*Requirement*
With the pictures set aside, return the lines below exactly, beginning at the first and ending at the line containing "Released prisoners stand".

╭─ Source material

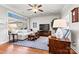 Living room with hardwood floors and shiplap wall at 5019 Pleasant Run Dr, Matthews, NC 28104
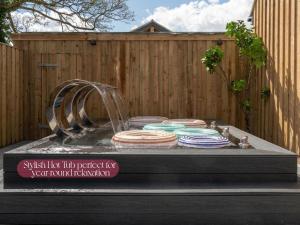 a water fountain with a bunch of plates in it at Gorgeous Stylish Home Near Longleat and Bath with Private Heated Pool and Sauna in Corsley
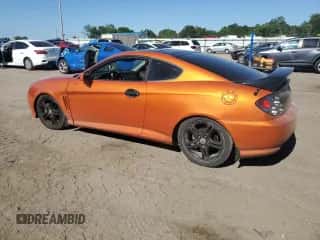 2006 Hyundai Tiburon GT z VIN KMHHN65FX6U221882, wystawiony jako Copart lot #57456825 z przebiegiem 203 312 mil mil oraz Szkoda całkowita • Salvage title. Historia ofert i sprzedaży dostępna na DreamBid. Obrazek 2.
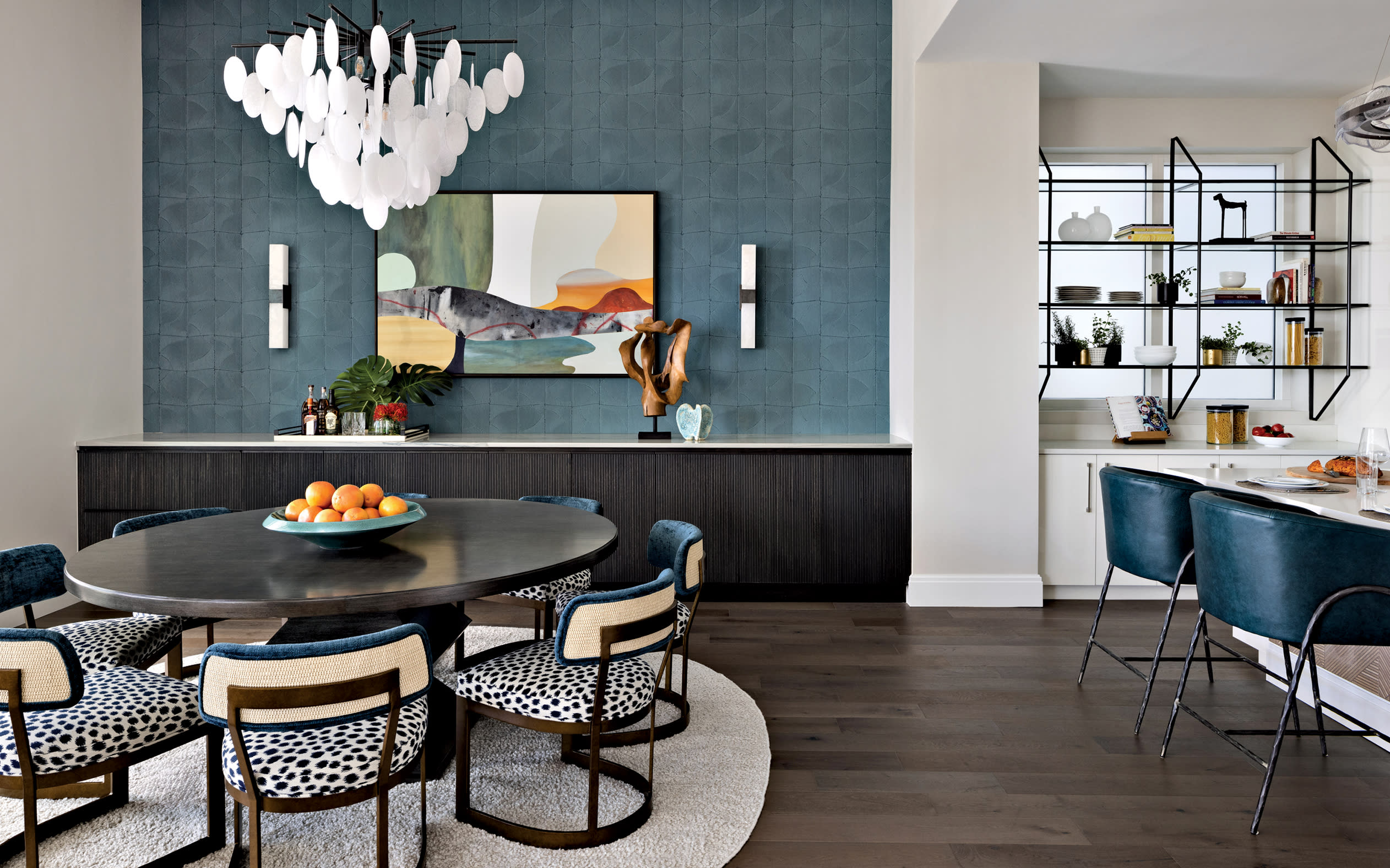 modern dining area with a blue wallpaper along one wall and cow-print dining chairs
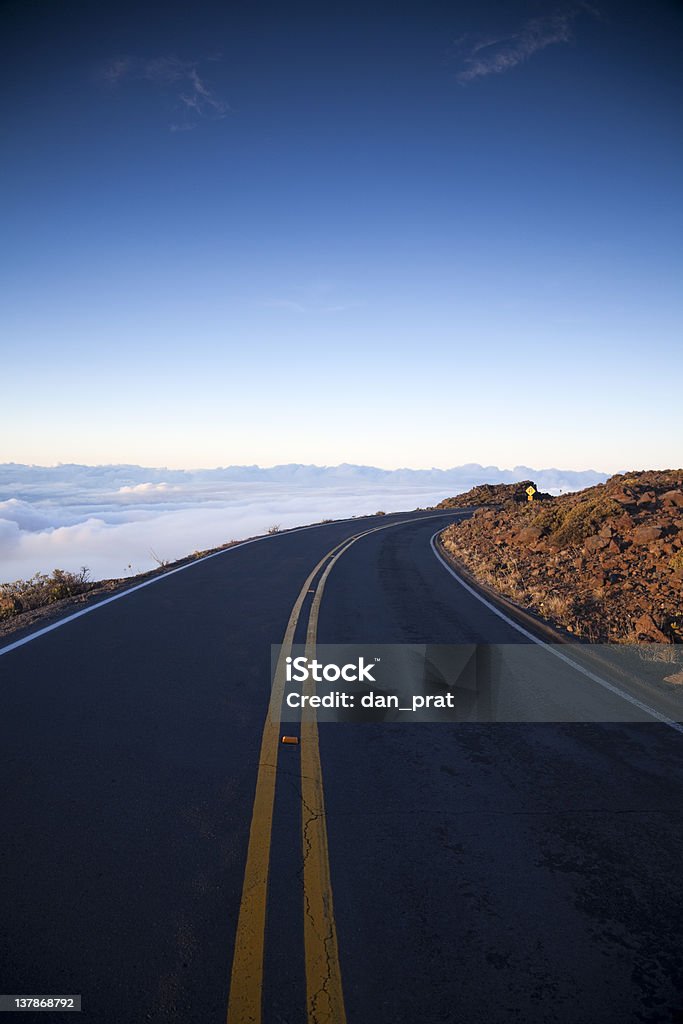 Road to Heaven A mountain road high above the clouds with a light blue sky. Asphalt Stock Photo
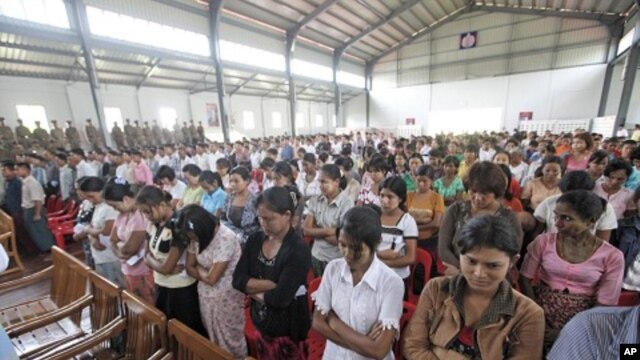 Released prisoners stand up before Burma's prison department chief Zaw Win speaks in a hall at Insein Prison in Rangoon, May 17, 2011.
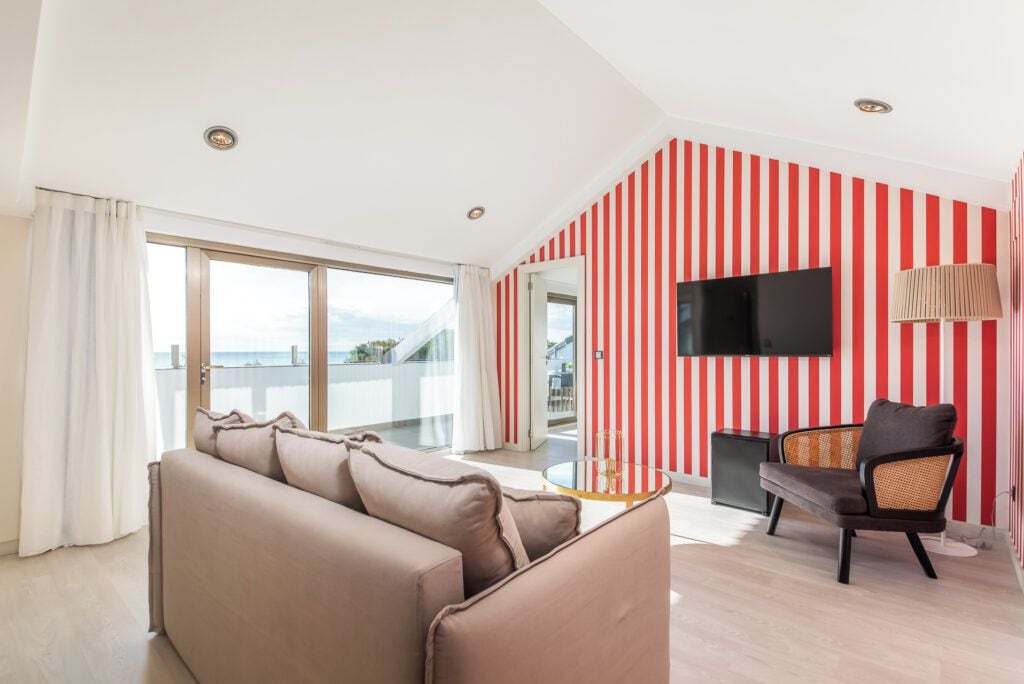 A modern living room with a sofa, a chair, a TV mounted on the wall, and a balcony with a view.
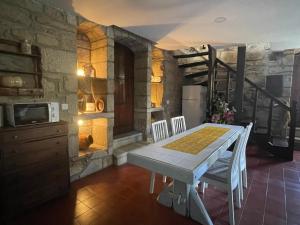 a kitchen and dining room with a table and chairs at Casa do Torreão in Trancoso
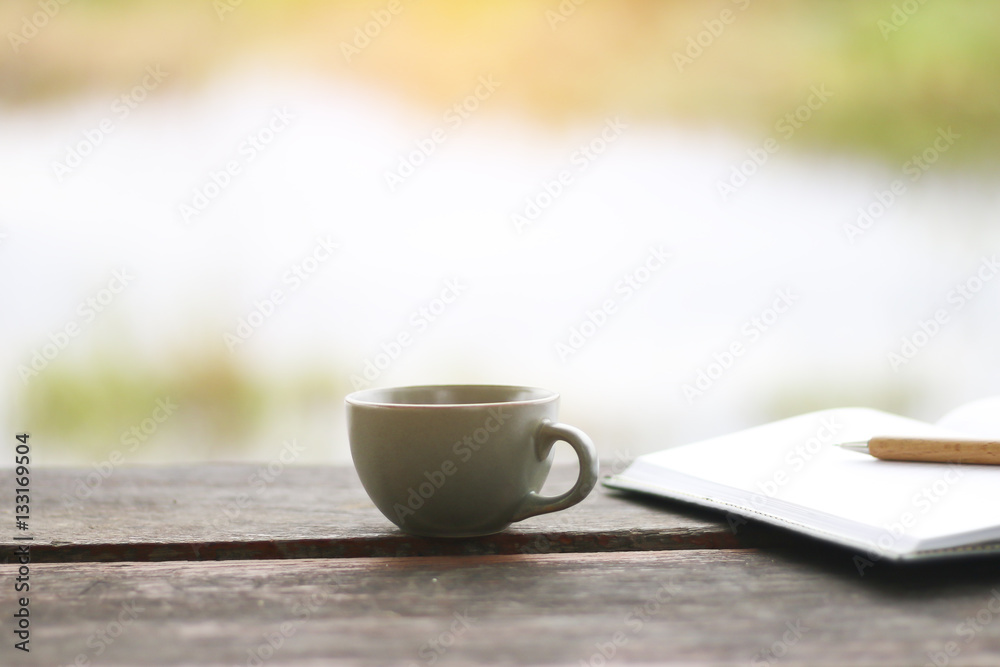 Stock Photo:.A cup of coffee on the wood table Stock Photo:.A cup of coffee on the wood table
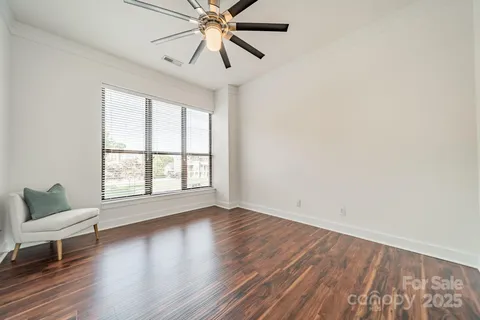 an empty room with wooden floor fan and windows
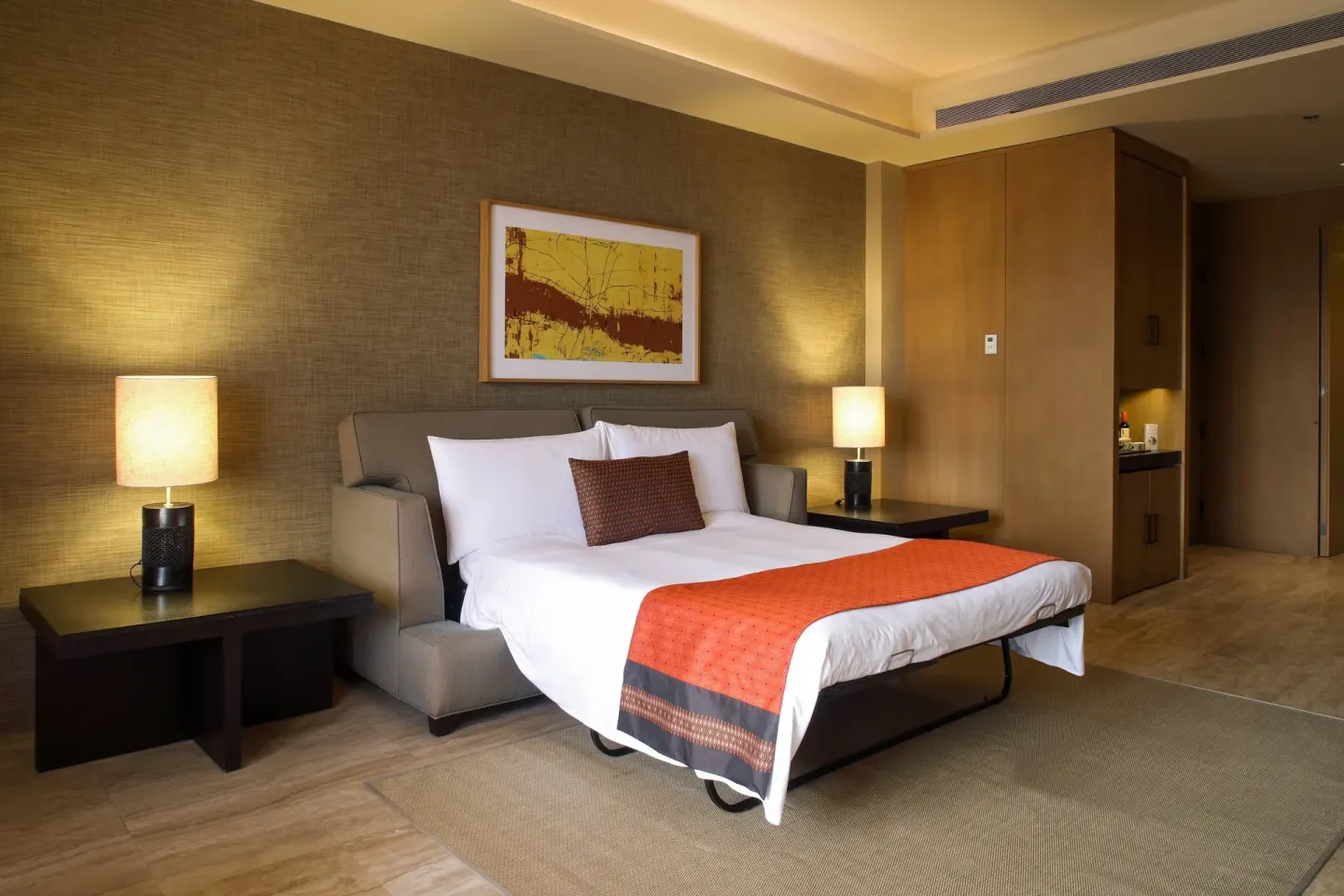 Guest room sofa bed with lamps and wood cabinetry at JW Marriott Los Cabos Beach Resort & Spa.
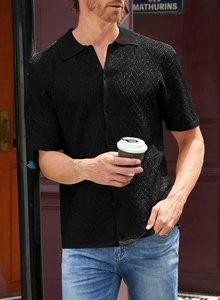 Detail showing wave pattern knit texture on black short sleeve polo shirt for men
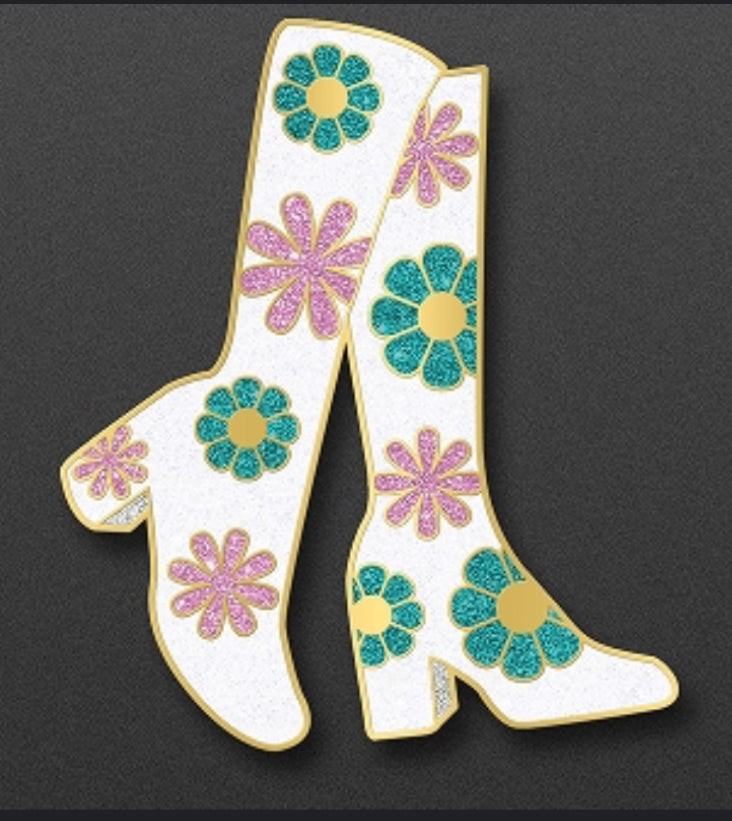 Decorative white boot with colorful flowers on a black background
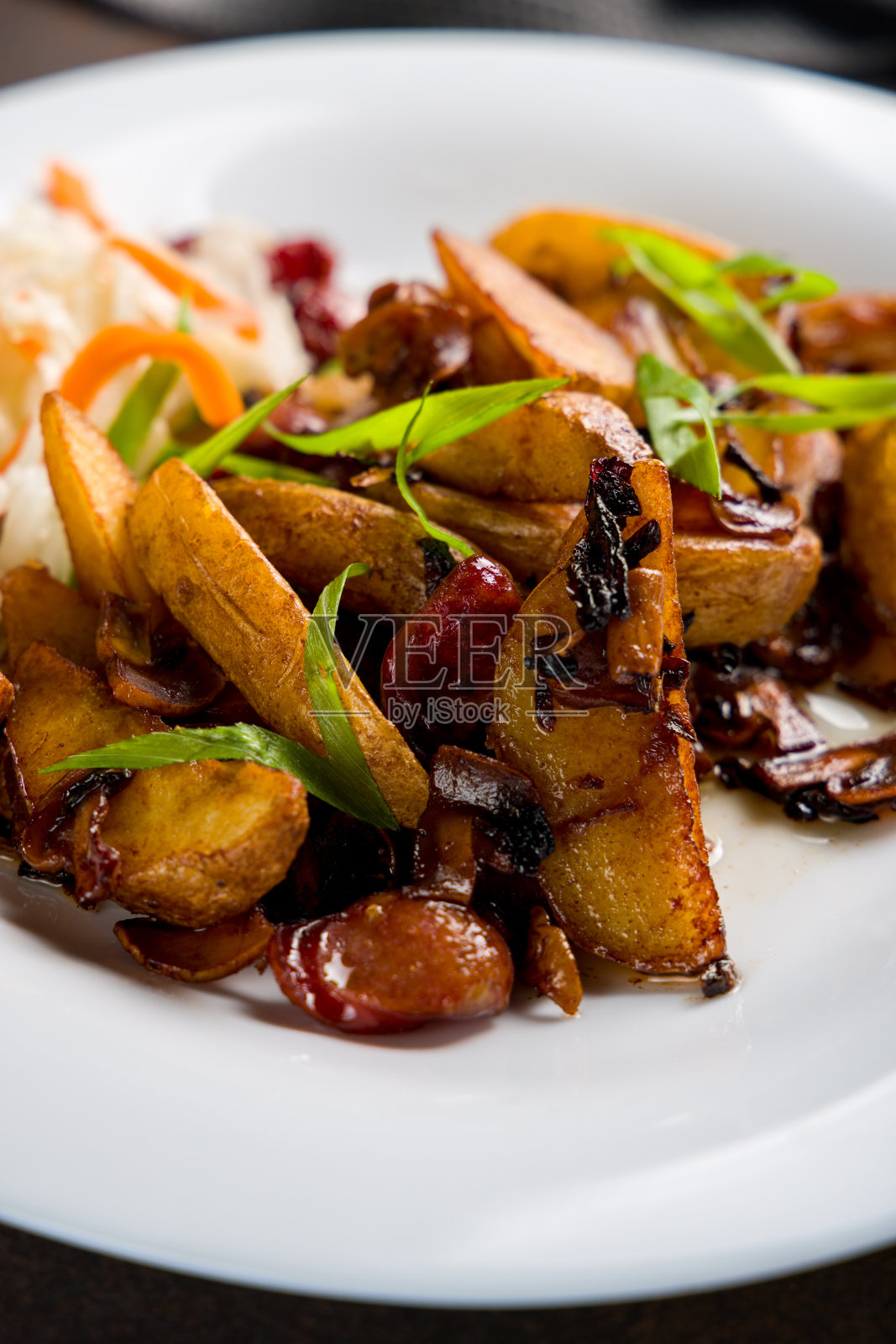 把炸土豆和切好的香肠放在白色盘子里,收好照片摄影图片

╰─

*Answer to this exercise*
 Living room with hardwood floors and shiplap wall at 5019 Pleasant Run Dr, Matthews, NC 28104
 a water fountain with a bunch of plates in it at Gorgeous Stylish Home Near Longleat and Bath with Private Heated Pool and Sauna in Corsley
 2006 Hyundai Tiburon GT z VIN KMHHN65FX6U221882, wystawiony jako Copart lot #57456825 z przebiegiem 203 312 mil mil oraz Szkoda całkowita • Salvage title. Historia ofert i sprzedaży dostępna na DreamBid. Obrazek 2.
 modern dining area with a blue wallpaper along one wall and cow-print dining chairs
 Road to Heaven A mountain road high above the clouds with a light blue sky. Asphalt Stock Photo
 Released prisoners stand up before Burma's prison department chief Zaw Win speaks in a hall at Insein Prison in Rangoon, May 17, 2011.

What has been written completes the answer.